FORM OF PROXY FOR USE AT ANNUAL GENERAL MEETING TO BE HELD ON 28 MAY 2024

I/We (Name) (Block capitals, please) of (Address) being the holder(s) of (see Note 1) shares of US$0.01 each in the capital of A Metaverse Company (the ‘‘ Company ’’) hereby appoint (Name) of (Address) or failing him/her (Name) of (Address) or failing him/her, the chairman of the meeting (see Note 2) as my/our proxy to attend and vote for me/us and on my/our behalf at the annual general meeting of the Company to be held at Room 1609, Building A, Cyberspace Mansion, Courtyard No.28, Xiaoyun Road, Chaoyang District, Beijing, the PRC on Tuesday, 28 May 2024 at 2 p.m., and at any adjournment thereof or on any resolution or motion which is proposed thereat. My/Our proxy is authorised and instructed to vote as indicated (see Note 3) in respect of the undermentioned resolutions:

  • Ordinary Resolutions (see Note 3) For (see Note 3) Against (see Note 3)

    1. To receive, consider and adopt the audited consolidated financial statements of the Company and its subsidiaries and the reports of the directors of the Company (the ‘‘ Director(s) ’’) and auditor of the Company (the ‘‘ Auditor ’’) for the year ended 31 December 2023.
    1. (a) To re-elect the following persons as Directors: (i) Mr. LIU Dong as an executive Director; (ii) Mr. LIU Zongjun as an executive Director; and (iii) Mr. HE Han, as an executive Director.
  • (b) To authorise the board of Directors (the ‘‘ Board ’’) to fix their remuneration.

    1. To re-appoint Moore CPA Limited as the Auditor and to authorise the Board to fix their remuneration.
    1. (A) To give a general mandate and unconditional mandate to the Directors to allot, issue and deal with additional shares not exceeding 20% of the total number of shares of the Company in issue at the date of passing of the resolution. (see Note 8)
  • (B) To give a general mandate and unconditional mandate to the Directors to repurchase shares not exceeding 10% of the total number of shares of the Company in issue at the date of passing of the resolution. (see Note 8)

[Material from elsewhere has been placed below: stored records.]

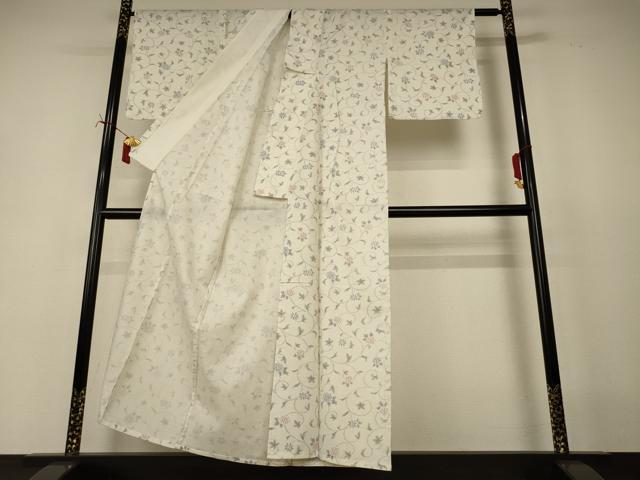 平和屋着物▽上質な小紋 単衣 花唐草文 AABI7857jd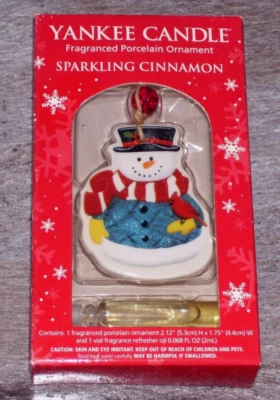 Yankee Candle adorno de porcelana perfumada, muñeco de nieve, canela brillante Foto 1 de 4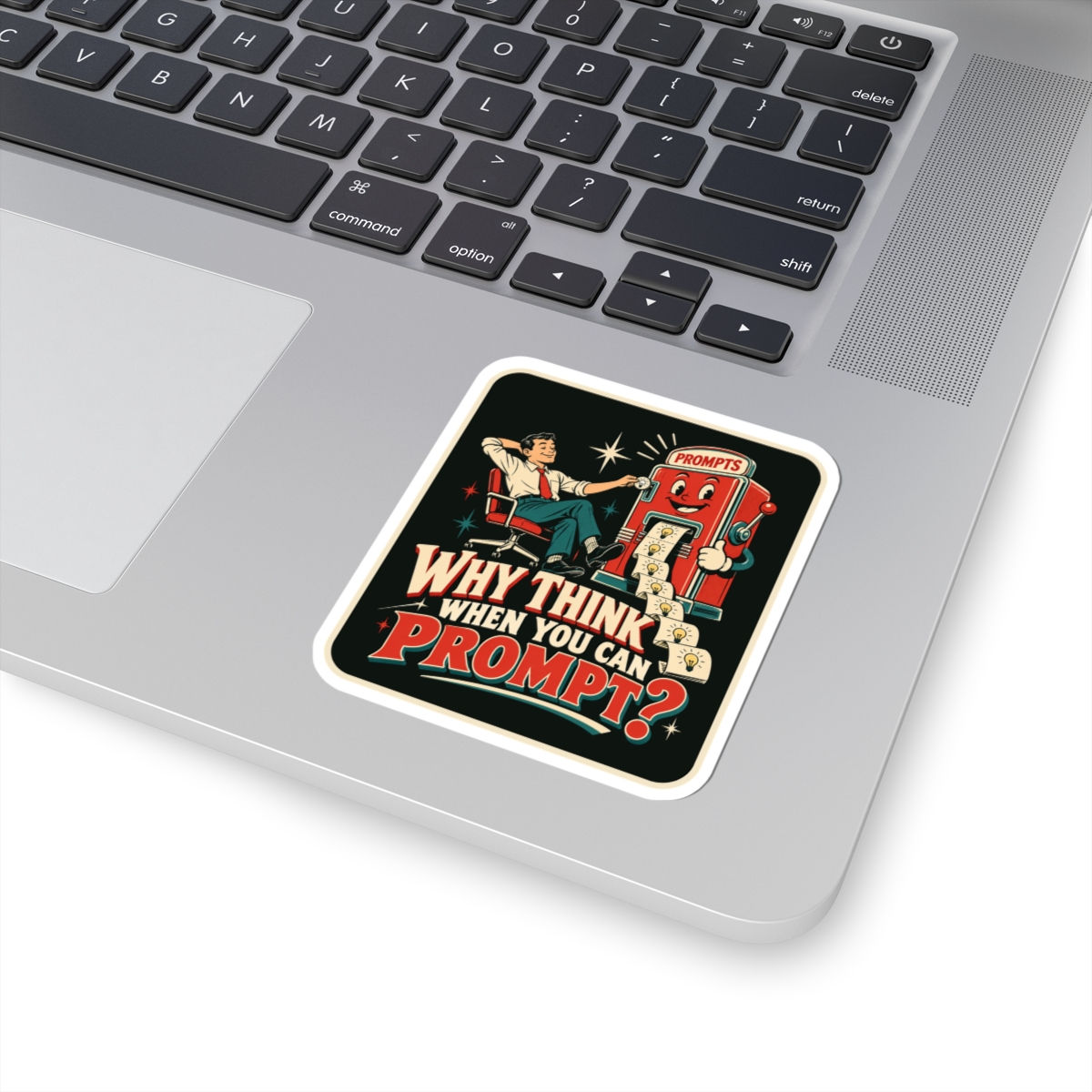 Prompt Machine sticker, 3 inch, on a laptop
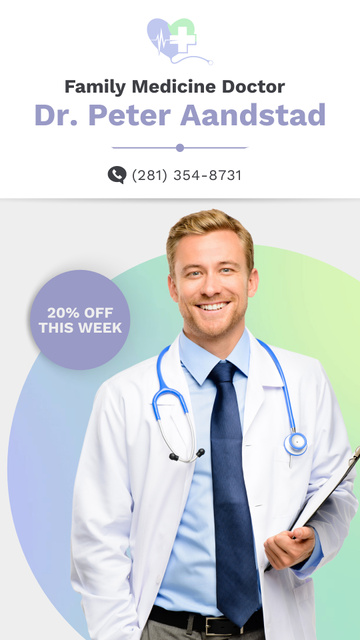 Reliable Family Medicine Doctor With Discount Instagram Video Story Design Template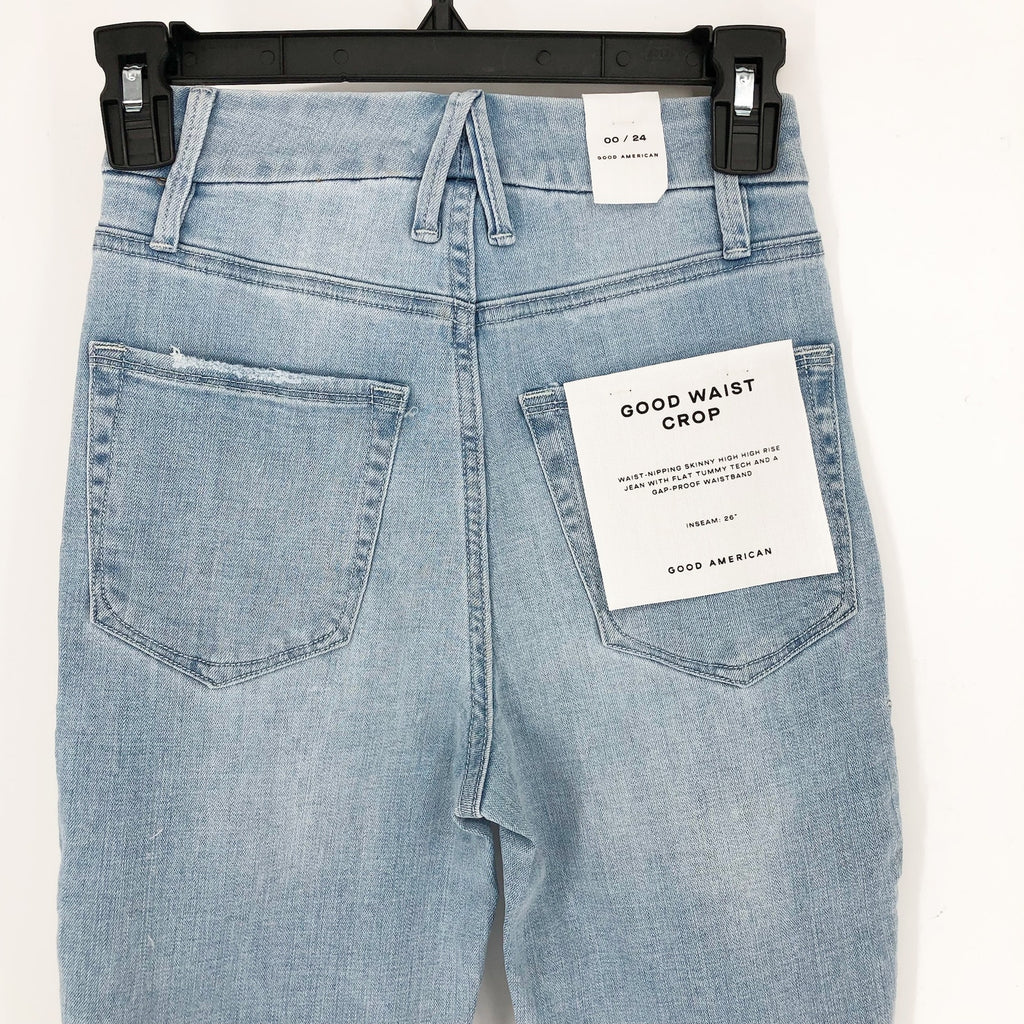 GOOD AMERICAN Good Waist Crop Skinny Jeans US 00 24 Light Blue Distressed NWT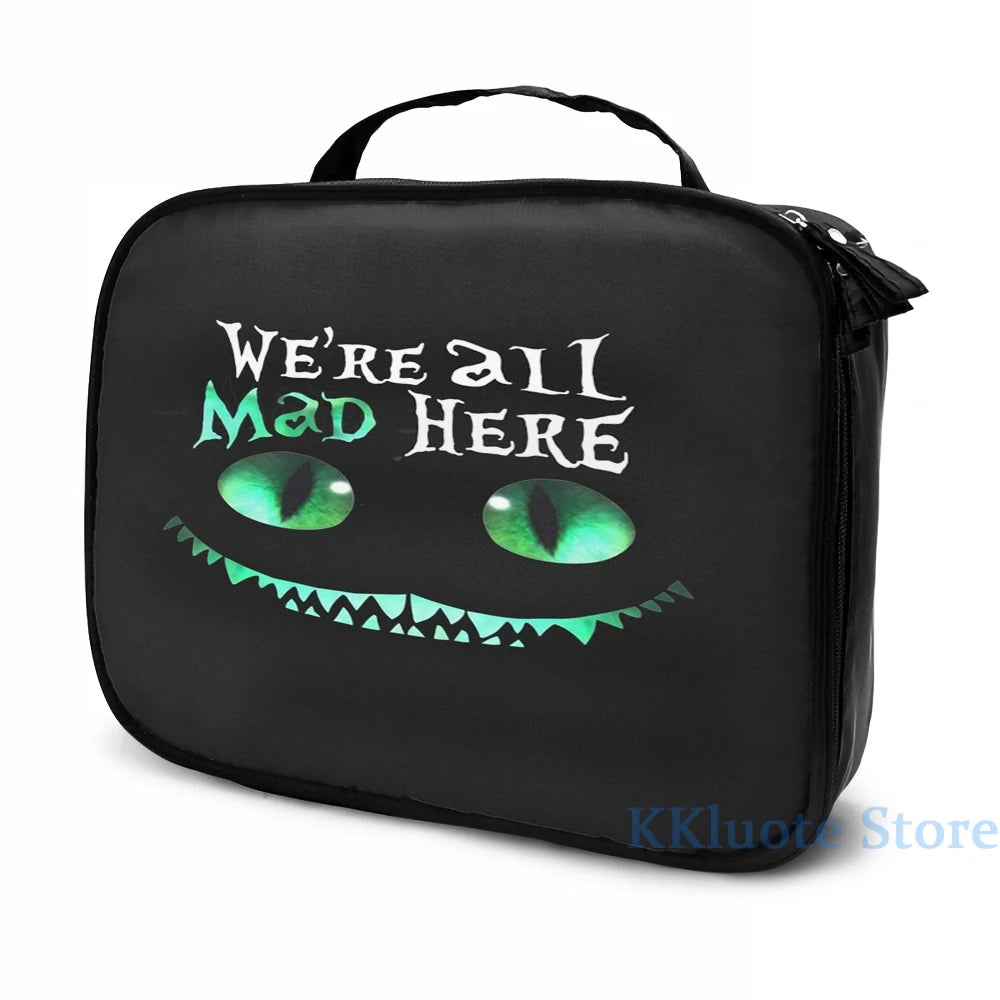 Cheshire Alice Cat Mad Here USB Charge Backpack School Travel bag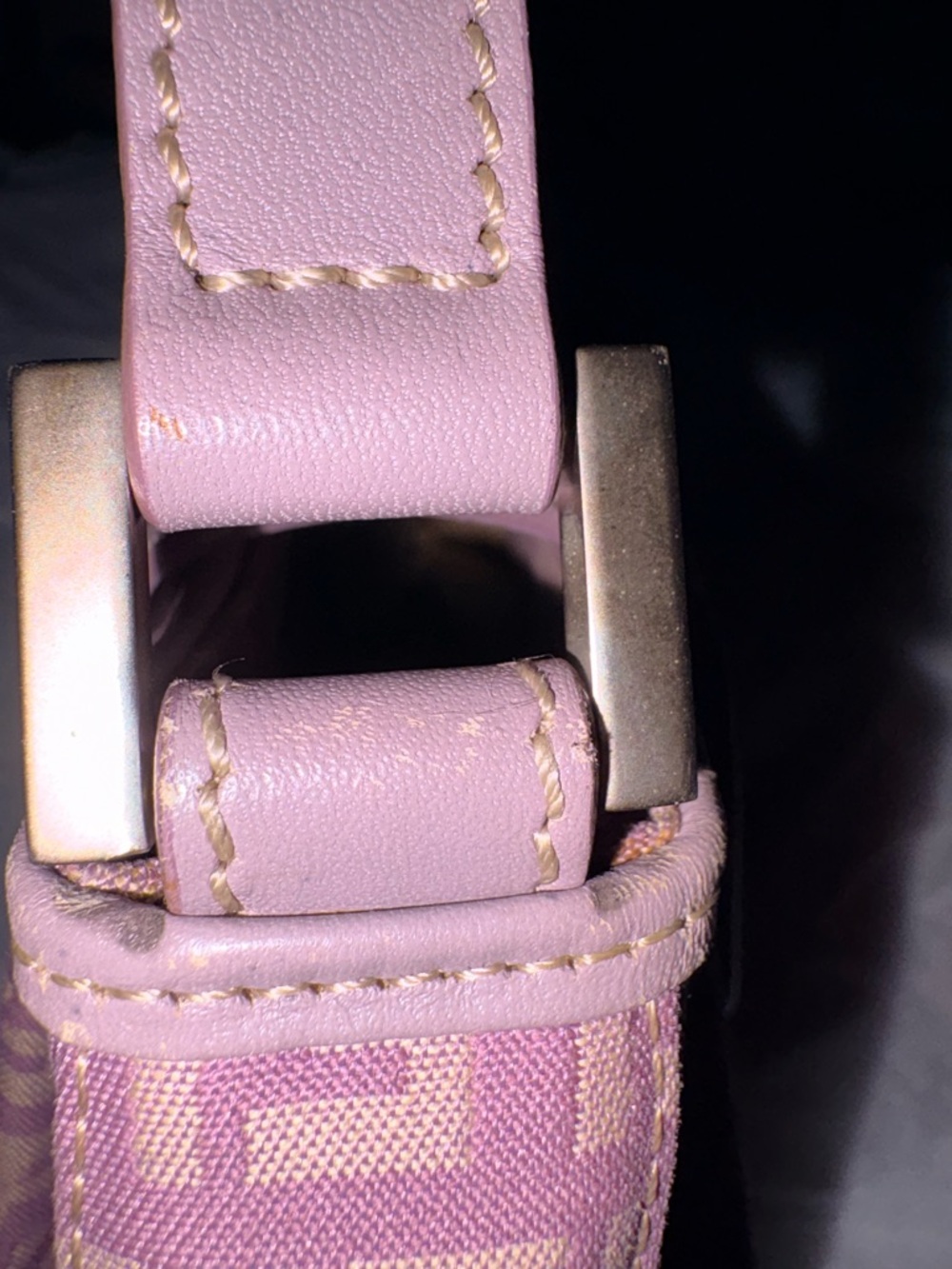 Fendi Dusky Pink Zucca Shoulder Bag with Gold Hardware - Picture 3 of 10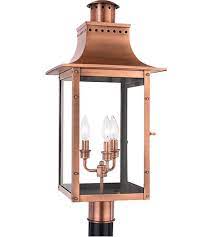 26 inch aged copper outdoor post lantern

  • (C) To extend the authority given to the Directors pursuant to ordinary resolution numbered 4(A) to issue shares by adding the number of shares repurchased under ordinary resolution numbered 4(B). (see Note 8)

Dated this

day of 2024

Signature(s) (see Note 5)

Notes:

  1. Please insert the number of shares registered in your name(s); if no number is inserted, this form of proxy will be deemed to relate to all the shares in the capital of the Company registered in your name(s).

  2. A member may appoint more than one proxy of his/her own choice. If such an appointment is made, please strike out the words ‘‘the chairman of the meeting’’, and insert the name(s) of the person(s) appointed as proxy in space provided. Any alteration made to this form of proxy must be initialled by the person who signs it.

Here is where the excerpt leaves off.